F. Ex Parte Abodakpi Is Now Dead

Republic v High Court, Accra; Ex Parte: Magna International Transport Ltd (2018) departed from Abodakpi. The Supreme Court reaffirmed that every court has an inherent jurisdiction to stay proceedings. This common law right has been elevated to constitutional status by Article 11(e) of the 1992 Constitution, which means it cannot be overridden by procedural rules — including rules of court — without express language of the clearest kind.

Where a practice of the courts is well settled, it cannot be upset by statute except by use of express language. C.I. 132 contains no such language.

Origin 8 relied on Magna Transport, as it was bound to do under the constitutional stare decisis obligations imposed by Article 129(3). Baffour himself accepts Magna Transport as sound law — which creates an insuperable tension with his critique of Origin 8.

G. Did C.I. 132 Clearly Change the Practice?

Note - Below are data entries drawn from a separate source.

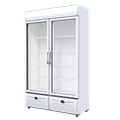 Tủ mát 2 cánh kính Sanden Intercool SPA-0903 (800 lít)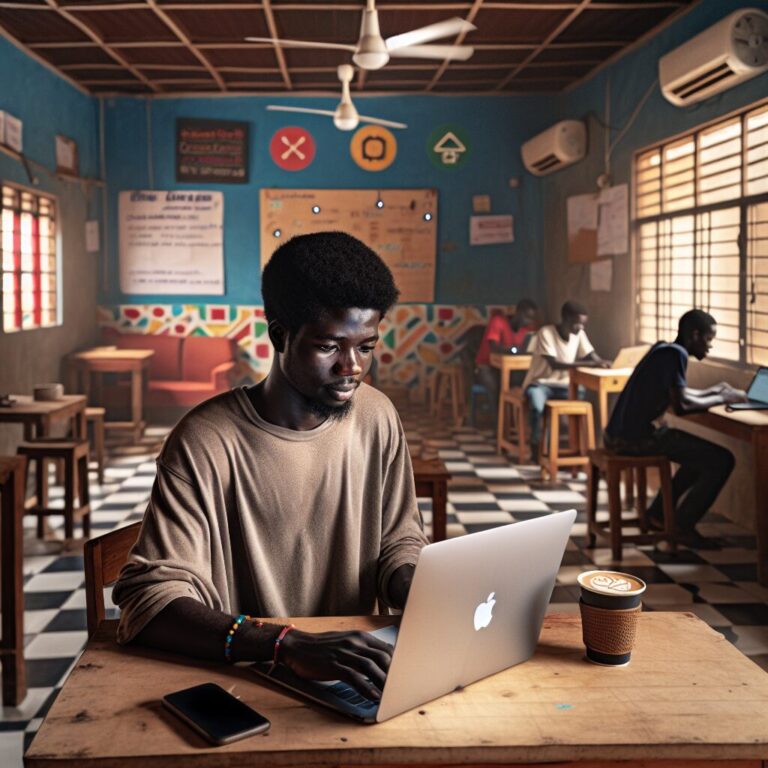 Guinée face aux mutations entrepreneuriat mondiales : entre opportunités et risques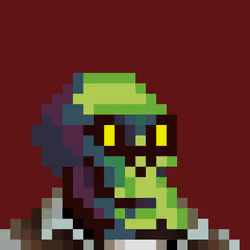 GENUINE UNDEAD APES #33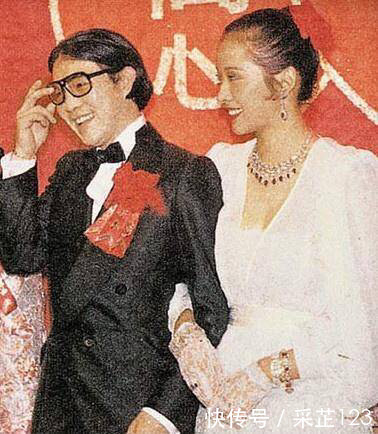 回顾郭晶晶婆婆朱玲玲与公公霍震霆劳燕分飞的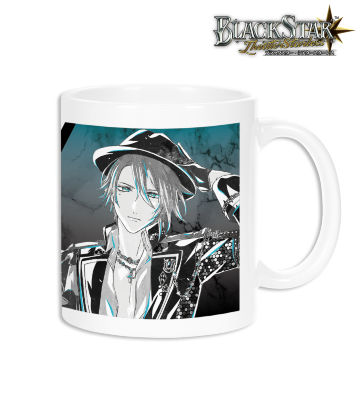 リンドウ Ani-Art マグカップ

The Magna Transport principle is clear: where a practice of the courts is well settled, it cannot be upset by statute except by use of express language. C.I. 132, gazetted on 6 October 2020, contained no explicit language changing the established practice regarding stay applications before trial courts. The learned members of the Rules of Court Committee knew, or ought to have known, about Magna Transport when drafting C.I. 132. Their failure to use express language to depart from that settled practice is dispositive.

H. Did Rule 27(1) C.I. 19 Create Jurisdiction?

Baffour's claim that C.I. 132 "stripped trial courts of jurisdiction" rests on a misconception about what procedural rules can do. In Republic v High Court (Commercial Div) Tamale, Ex parte Dakpem Zoboguna Henry Kaleem, the Supreme Court held that the jurisdiction of a court can only be granted by substantive legislation — not by a body charged with making rules of procedure.

If procedural rules cannot create jurisdiction, they equally cannot remove it. C.I. 132, as a procedural instrument made under the Courts Act, lacked the capacity to strip the trial court of the inherent jurisdiction that it has always possessed.

J. Legislative Intent

Legislative intent is, as Lord Watson recognised, a very slippery phrase. Parliament — or a rule-making body — has no singular mind. Attributing collective intention to a group of draftsmen is a fiction of legal reasoning, and one that must be handled with particular care when the consequence is to override a well-settled constitutional practice. Without direct evidence of a clear intention to depart from Magna Transport, the invocation of legislative intent cannot carry the argument.

K. Legislative Purpose

Baffour suggested C.I. 132's purpose was to eliminate the "drudgery" of dual applications — first to trial courts, then to appellate courts upon refusal — and cited Ghana's World Bank ranking (118th of 189 for business environment) and enforcement delays. The writer counters that this reasoning is disconnected from the actual causes of enforcement delay, which stem from trial duration, judgment quality, and asset location — not from the existence of two tiers of stay application.

A purposive approach that focuses on C.I. 19's broader architecture and its integration with the common law is more appropriate than isolating a single provision of C.I. 132 and attributing to it a sweeping constitutional effect.

L. Conclusion

Despite its sophistry in some areas, Origin 8 reached the correct conclusion through superior methodology. C.I. 132 did not — and could not — strip trial courts of the inherent jurisdiction to grant a stay of execution. The instrument lacked the express language required; the rules of procedure lacked the capacity; and Magna Transport, as constitutional precedent, stood directly in the way.

The writer's further view is that C.I. 132 should never have been enacted in the first place. Stay applications represent a minimal obstacle to judgment enforcement compared to the broader systemic delays that afflict Ghana's commercial litigation landscape. The instrument adds little value and has generated considerable confusion — a result that the legislature could have avoided by leaving well alone.